I am filtering a dataframe by dates to produce two seperate versions:
- Data from only today's date
- Data from the last two years
However, when I try to filter on the date, it seems to miss dates that are within the last two years.
date_format = '%m-%d-%Y' # desired date format
today = dt.now().strftime(date_format) # today's date. Will always result in today's date
today = dt.strptime(today, date_format).date() # converting 'today' into a datetime object
today = today.strftime(date_format)
two_years = today - relativedelta(years=2) # date is today's date minus two years.

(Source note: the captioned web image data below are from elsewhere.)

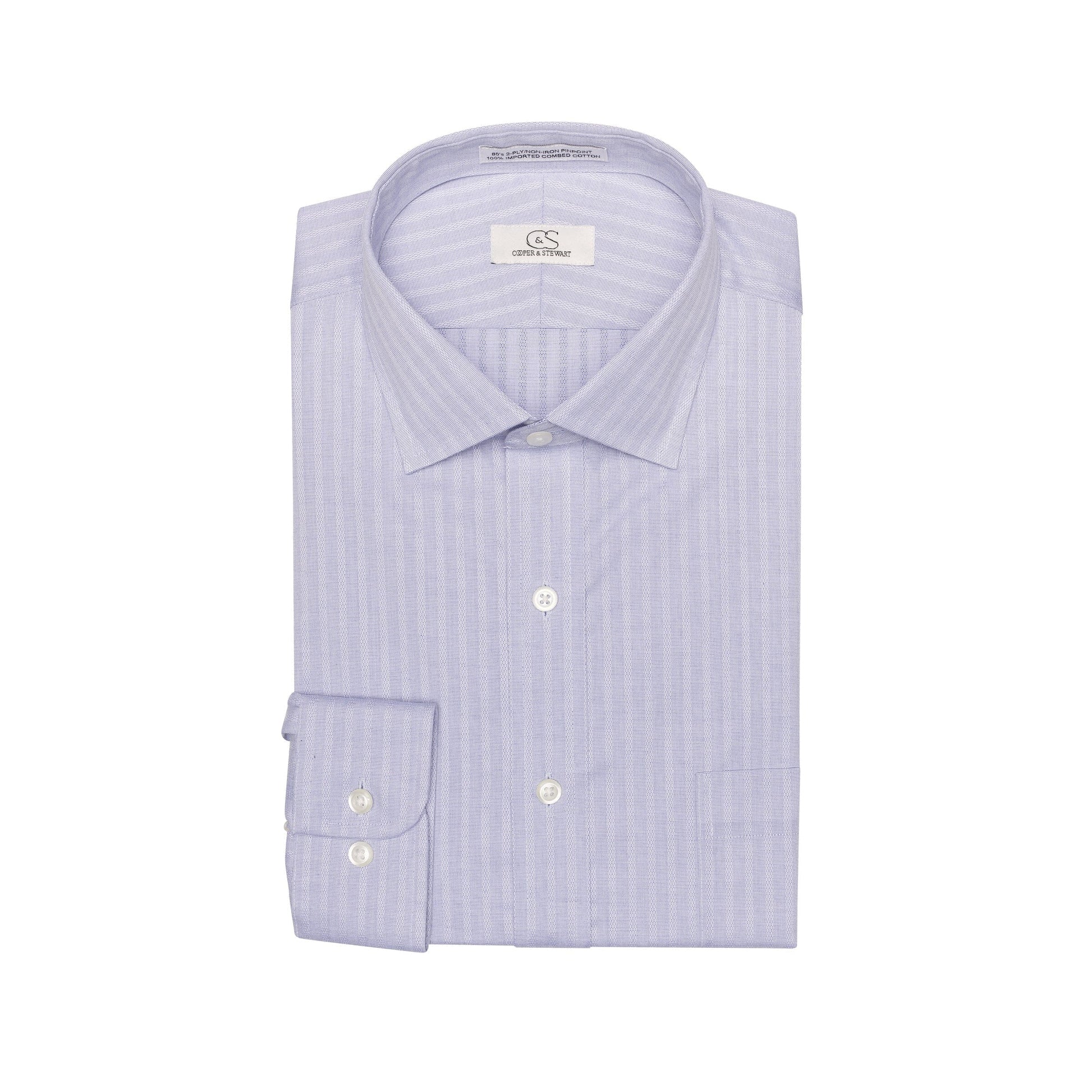 079 SC - Grey Text Dobby Stripe Spread Collar Cooper and Stewart 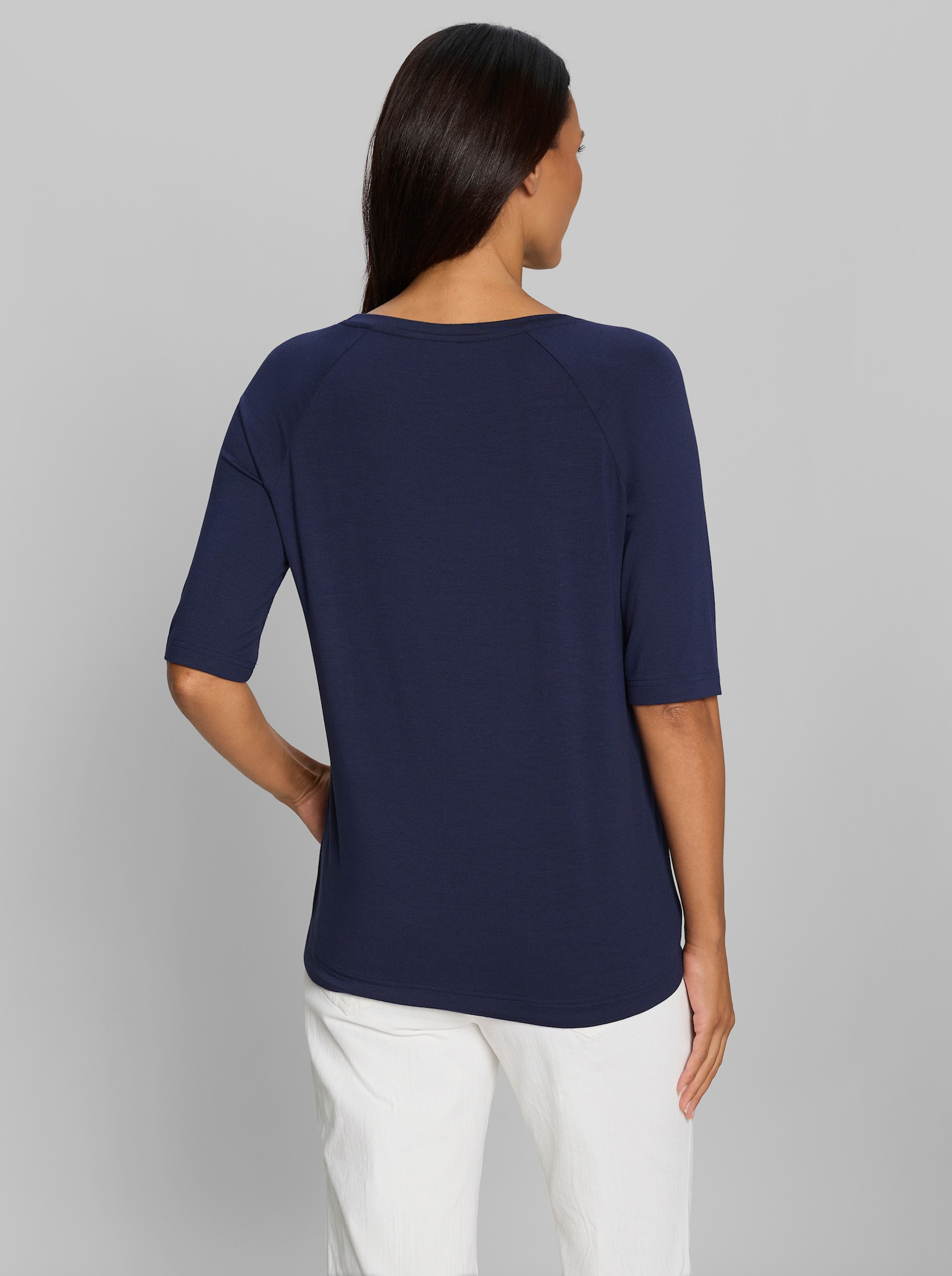 heine Kurzarmshirt mit Tunnelzug und Bindeband - marine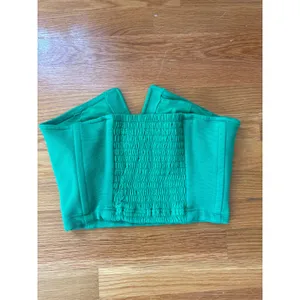 Maeve by Anthropologie Green Notched V Strapless Smocked Crop Tube Top Medium thumbnail 4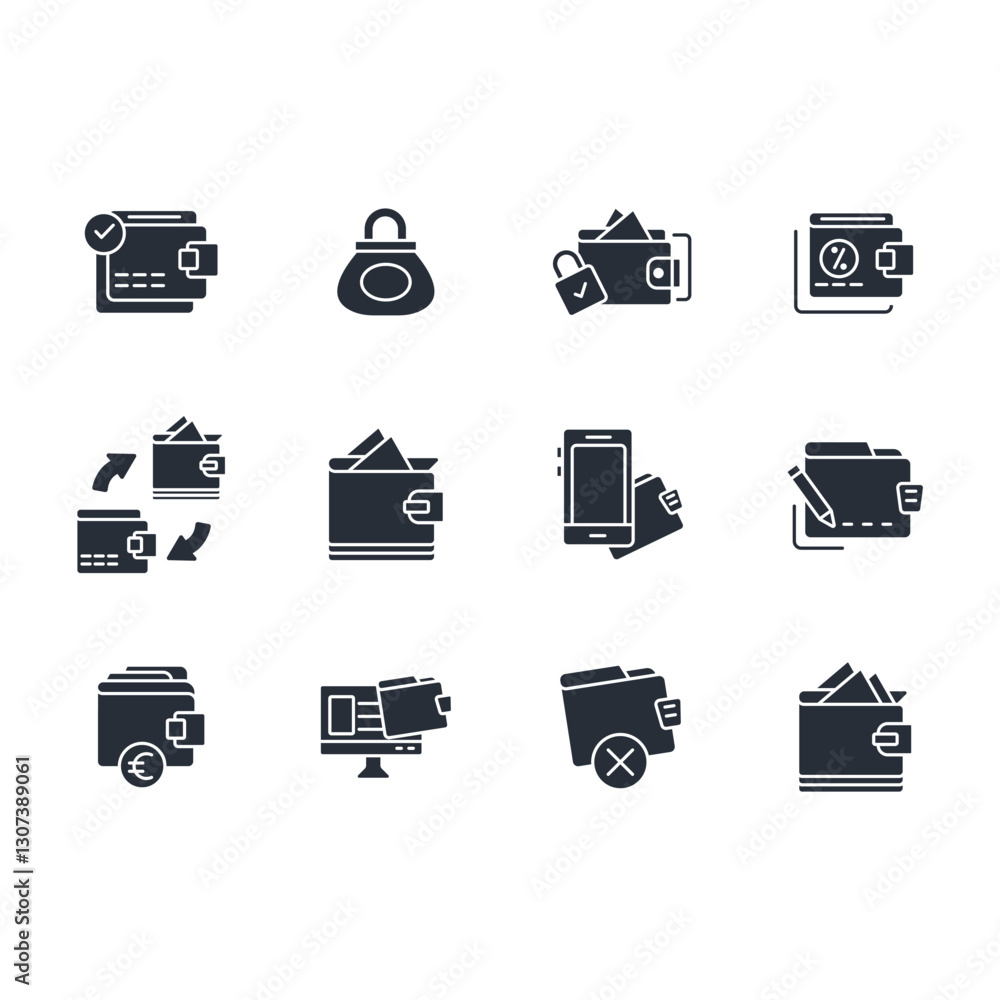Poster wallet icon set.vector.editable stroke.linear style sign for use web design,logo.symbol illustration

two_years = two_years.strftime(date_format)
# normalizing the format of the date column to the desired format
df_data['date'] = pd.to_datetime(df_data['date'], errors='coerce').dt.strftime(date_format)
df_today = df_data[df_data['date'] == today]
df_two_year = df_data[df_data['date'] >= two_years]
Which results in:
all dates ['07-17-2020' '07-15-2020' '08-01-2019' '03-25-2015']
today df ['07-17-2020']
two year df ['07-17-2020' '08-01-2019']
The 07-15-2020 date is missing from the two year, even though 08-01-2019 is captured.
you don't need to convert anything to string, simply work with datetime dtype. Ex:
What you get from the comparison operations (adjust them as needed...) are boolean masks - you can use them nicely to filter the df.